▶ **RAW DATA**:
++++++

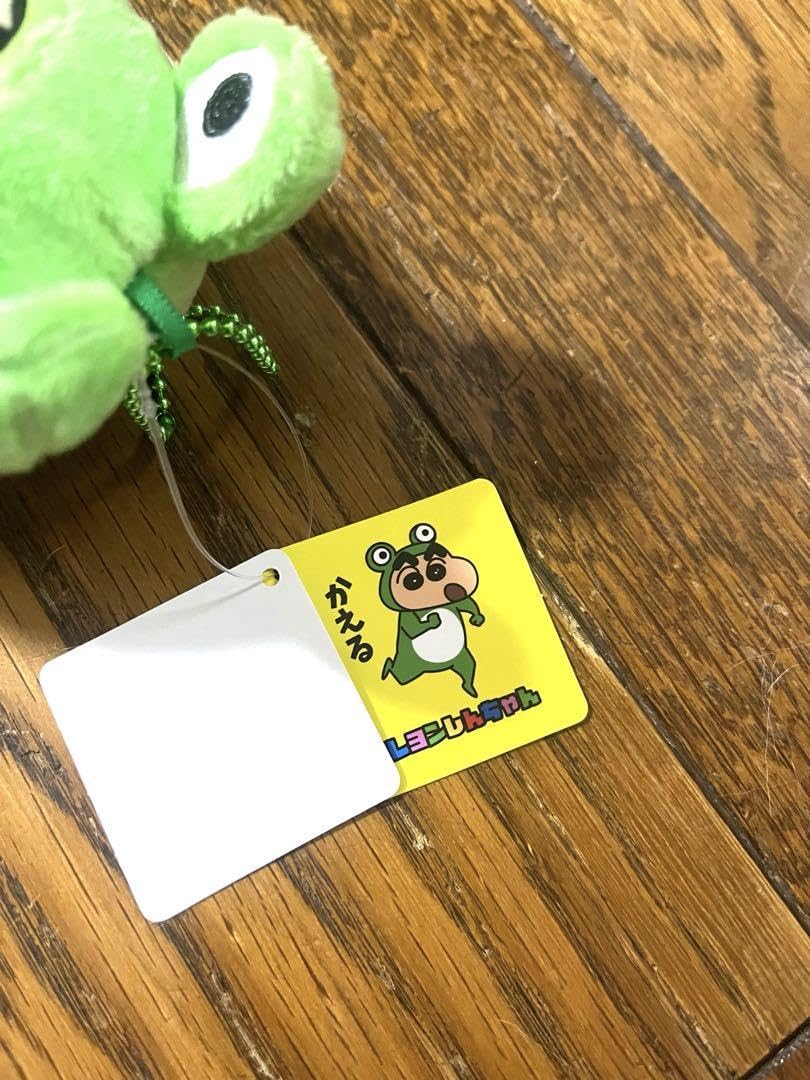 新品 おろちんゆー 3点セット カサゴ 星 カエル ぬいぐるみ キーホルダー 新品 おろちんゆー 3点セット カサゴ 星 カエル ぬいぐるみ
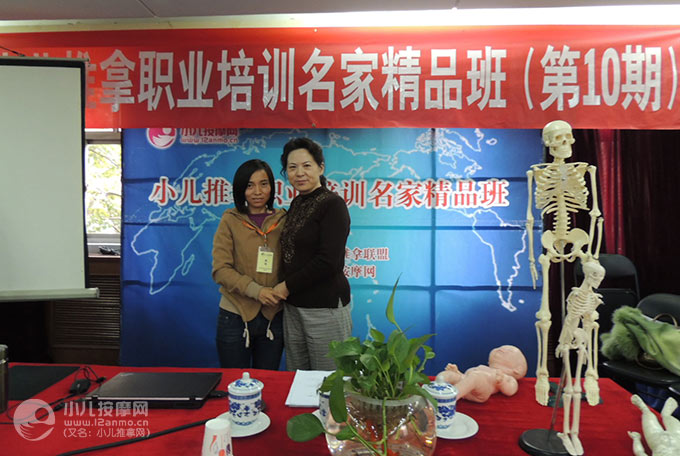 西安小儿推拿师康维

++++++

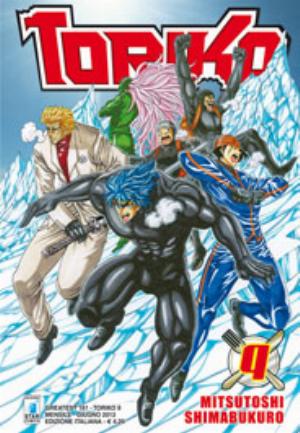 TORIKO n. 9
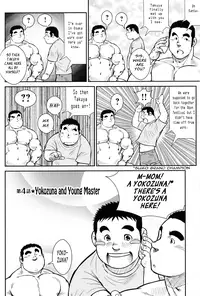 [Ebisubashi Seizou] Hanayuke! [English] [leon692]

++++++

Both boundary lines included, write out word for word only the lines above from the one containing "TORIKO n. 9" to the one containing "[Ebisubashi Seizou] Hanayuke!", leaving out any pictures.

▶ **ANSWER TO THIS EXERCISE**:
 TORIKO n. 9
 [Ebisubashi Seizou] Hanayuke! [English] [leon692]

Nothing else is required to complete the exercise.